Sunday, January 12, 2014

I can't remember when I started clenching my teeth, but I catch myself doing it more and more often these days. Another bad habit, I guess. Add it to the list. I often say that home is a bad place for me to break habits, but I'm away from home again now, so it's best to be positive. Ugh. "Be positive." I hate that; I sound like Effie Trinket.

Writing isn't working. This, for instance. I half expect to look down and see the keyboard shriveling up under my hands.

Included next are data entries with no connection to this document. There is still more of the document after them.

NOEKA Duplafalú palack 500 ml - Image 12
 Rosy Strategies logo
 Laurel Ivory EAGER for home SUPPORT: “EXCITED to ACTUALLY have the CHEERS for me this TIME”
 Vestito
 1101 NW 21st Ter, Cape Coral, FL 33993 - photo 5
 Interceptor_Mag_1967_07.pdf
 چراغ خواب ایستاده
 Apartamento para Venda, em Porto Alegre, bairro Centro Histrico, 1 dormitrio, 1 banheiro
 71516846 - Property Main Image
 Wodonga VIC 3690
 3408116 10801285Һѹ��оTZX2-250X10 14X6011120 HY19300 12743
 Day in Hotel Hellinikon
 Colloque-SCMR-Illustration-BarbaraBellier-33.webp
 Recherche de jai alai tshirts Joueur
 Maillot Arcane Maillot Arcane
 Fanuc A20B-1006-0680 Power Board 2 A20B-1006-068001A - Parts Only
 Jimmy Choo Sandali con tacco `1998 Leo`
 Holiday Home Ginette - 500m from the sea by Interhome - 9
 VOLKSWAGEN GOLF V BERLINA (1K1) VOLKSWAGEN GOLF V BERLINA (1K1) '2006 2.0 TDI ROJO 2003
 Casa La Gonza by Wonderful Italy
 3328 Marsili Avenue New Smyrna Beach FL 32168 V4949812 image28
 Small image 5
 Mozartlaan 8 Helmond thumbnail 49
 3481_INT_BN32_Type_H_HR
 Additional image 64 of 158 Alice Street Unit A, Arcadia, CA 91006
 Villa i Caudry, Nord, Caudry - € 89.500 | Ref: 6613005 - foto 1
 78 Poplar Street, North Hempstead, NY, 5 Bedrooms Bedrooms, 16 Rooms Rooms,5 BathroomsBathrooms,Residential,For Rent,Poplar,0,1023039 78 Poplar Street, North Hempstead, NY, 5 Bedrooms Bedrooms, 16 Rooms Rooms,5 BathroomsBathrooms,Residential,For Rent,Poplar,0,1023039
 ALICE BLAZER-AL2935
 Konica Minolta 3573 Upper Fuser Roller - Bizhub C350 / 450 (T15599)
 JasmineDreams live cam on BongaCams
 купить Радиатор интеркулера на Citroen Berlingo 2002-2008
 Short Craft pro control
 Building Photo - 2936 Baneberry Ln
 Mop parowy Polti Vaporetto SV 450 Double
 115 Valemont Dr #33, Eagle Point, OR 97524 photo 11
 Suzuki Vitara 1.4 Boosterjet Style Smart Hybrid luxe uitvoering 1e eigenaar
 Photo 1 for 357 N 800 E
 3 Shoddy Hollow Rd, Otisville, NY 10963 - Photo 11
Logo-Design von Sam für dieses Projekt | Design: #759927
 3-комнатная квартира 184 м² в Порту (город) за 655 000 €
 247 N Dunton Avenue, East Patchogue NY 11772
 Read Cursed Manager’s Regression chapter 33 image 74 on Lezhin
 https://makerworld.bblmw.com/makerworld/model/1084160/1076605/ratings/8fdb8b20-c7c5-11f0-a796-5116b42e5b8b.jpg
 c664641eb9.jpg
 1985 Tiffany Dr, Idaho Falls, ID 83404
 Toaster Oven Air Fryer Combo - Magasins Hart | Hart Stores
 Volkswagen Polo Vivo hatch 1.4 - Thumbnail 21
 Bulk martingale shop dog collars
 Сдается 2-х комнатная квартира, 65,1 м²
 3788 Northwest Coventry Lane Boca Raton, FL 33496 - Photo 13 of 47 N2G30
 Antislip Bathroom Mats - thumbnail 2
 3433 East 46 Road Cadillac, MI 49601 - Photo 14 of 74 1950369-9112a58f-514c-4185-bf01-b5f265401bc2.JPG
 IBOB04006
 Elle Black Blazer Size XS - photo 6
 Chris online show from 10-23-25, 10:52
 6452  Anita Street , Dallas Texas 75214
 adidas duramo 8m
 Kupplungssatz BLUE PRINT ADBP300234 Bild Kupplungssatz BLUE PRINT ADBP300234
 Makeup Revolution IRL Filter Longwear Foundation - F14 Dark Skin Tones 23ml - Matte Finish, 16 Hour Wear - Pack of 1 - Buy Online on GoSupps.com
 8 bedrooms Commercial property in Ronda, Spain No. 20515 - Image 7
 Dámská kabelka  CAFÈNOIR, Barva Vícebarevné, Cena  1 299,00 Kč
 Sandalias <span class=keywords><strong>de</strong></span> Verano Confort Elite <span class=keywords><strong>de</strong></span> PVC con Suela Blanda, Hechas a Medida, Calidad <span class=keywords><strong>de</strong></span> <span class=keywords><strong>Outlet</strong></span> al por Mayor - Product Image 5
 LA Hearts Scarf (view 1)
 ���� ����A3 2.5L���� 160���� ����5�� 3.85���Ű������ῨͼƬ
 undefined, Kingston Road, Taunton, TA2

I sound worse than I am, I swear. I'm not not-okay, exactly, but I feel oddly rudderless. I would like something to put my hand on. Or an envelope stuck under my door containing a letter than explains... I don't know. Something? Maybe I just need to get some sleep. Of course, if I go to sleep, the twelve-year-old girl I'm talking to might kill herself. You know. Normal people problems.

You know what I miss? When I was little, after meeting, everyone would gather in what we called the Blue Room and sing hymns. Someone played the piano, and everyone else who wanted to would stand in a circle and sing. I'd be downstairs with the other kids, but when I heard music, I'd say "I have to go now." I'd run upstairs and into the middle of that circle, and I'd dance. Not caring what I looked like. Not caring that I was surrounded by other people who were watching. I don't know what box a fearful child like I was had in which to put that experience so I could do it, but it must have been there. I miss that. Not dancing, specifically, but I miss being someone who would.